Traversing Tokyo for foreigners is relatively simple, if you learn the basics. The train system is extensive and one of the best in the world. The Yamanote Line runs in a loop around central Tokyo, and from there you can transfer to a number of smaller lines.
You’ll want to pick up a Suica pass—a small, rechargeable card that grants access to the train and bus systems—plus they work all over Japan. Downtown the Tokyo Subway Navigation app, it works offline and is useful for charting your route.
Although many signs and announcements are in Japanese and English, it doesn’t hurt to know some basic kanji. Trains are classified into speed and can be identified by their kanji: Local (普通), Rapid (快速), and Express (急行).
The local train stops at every station on the line, the rapid skips some, and the express skips even more.
One of my first days in Tokyo, though I was familiar with these kanji, I failed to notice them and hopped on a rapid train instead of a local one, and the train of course shot past my stop!
For other areas the metro doesn’t reach, there’s always the bus system—though it is a bit more confusing to the foreigner who might not know any Japanese. Bikes are another great way to get around, it can be more convenient and less annoying than pubic transit.

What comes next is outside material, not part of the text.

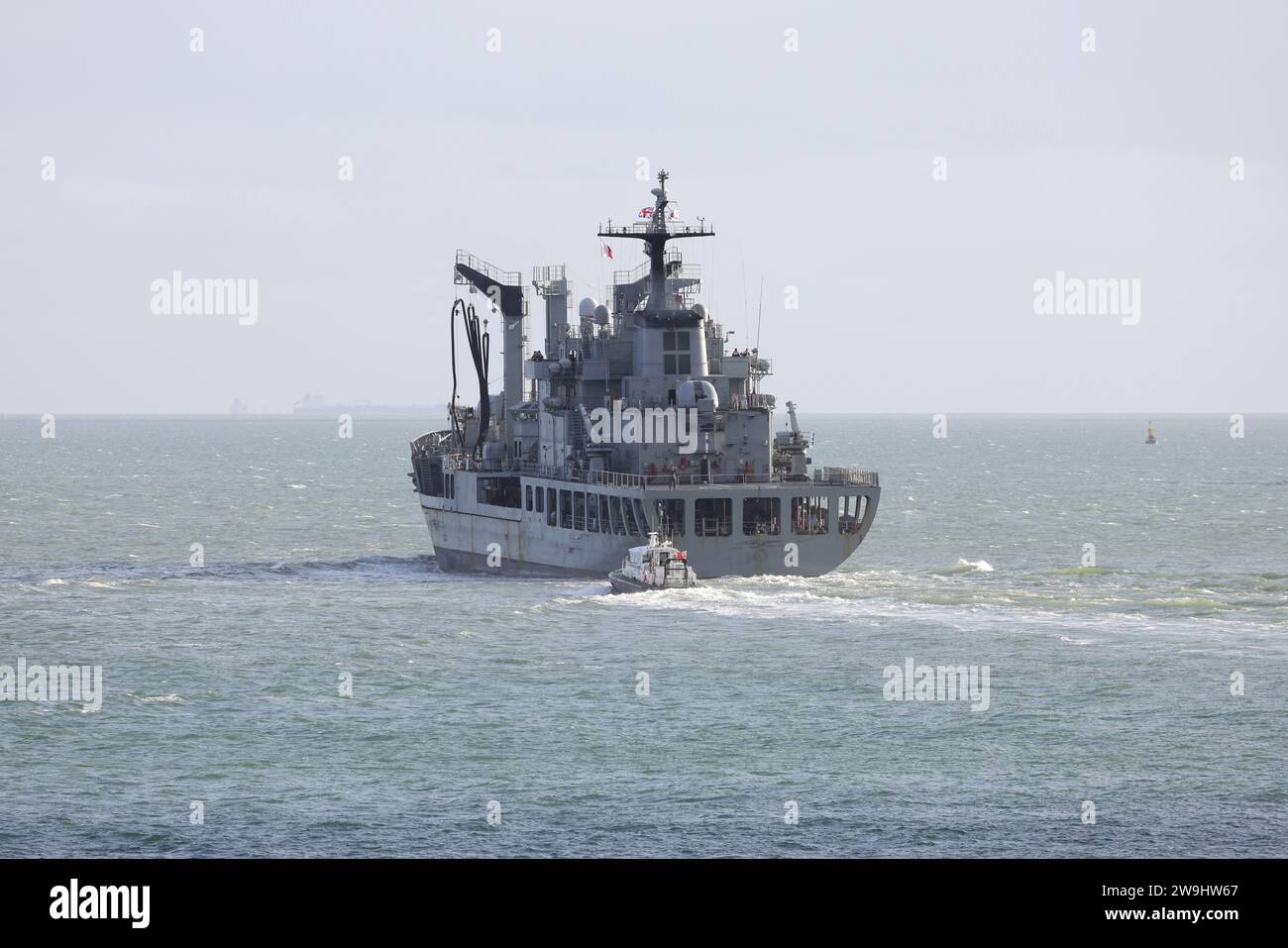 A launch prepares to disembark the Admiralty pilot from the Republic of Korea Navy fast combat support ship ROKS HWACHEON in The Solent Stock Photo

Familiarize yourself with the rules of the road: don’t cycle with an iPod or phone, and keep to the left side of the road.
About the Expat Community
The expat community in Japan is HUGE. With a bustling metropolis like Tokyo, there’s people from all over—from South African diplomats to British ESL teachers to Vietnamese barbers. All in all, there are about 2 million expats. And how does one meet some of them?
Meetup is a great app to find English-speaking groups who meet up for an after-work beer. Try to make connections with like-minded people (bloggers, for instance) before you arrive, so it’s easy to meet up once you’re there.
Join an international nomikai, or drinking party, to meet other expats as well as Japanese who want to practice their English.
Other Helpful Tips
Language: Learn some Japanese before you go—it tends to impress easily!
Etiquette: Remember to take off your shoes before you enter the home. I’m from Hawaii, where this is a norm so it wasn’t a problem for me, but for many Americans it can be surprising.
Gaijin Trap: Be wary of the gaijin trap—a halfway point of culture shock in which you criticize your host country too much, leading to an unhealthy, negative spiral—and criticizing anything non-Japanese too much.
Just because you are living in Japan doesn’t mean you have to go into full-blown immersion: for example, refusing to hang out with people just because they’re non-Japanese. In fact, this can lead to cultural burn-out in the long run.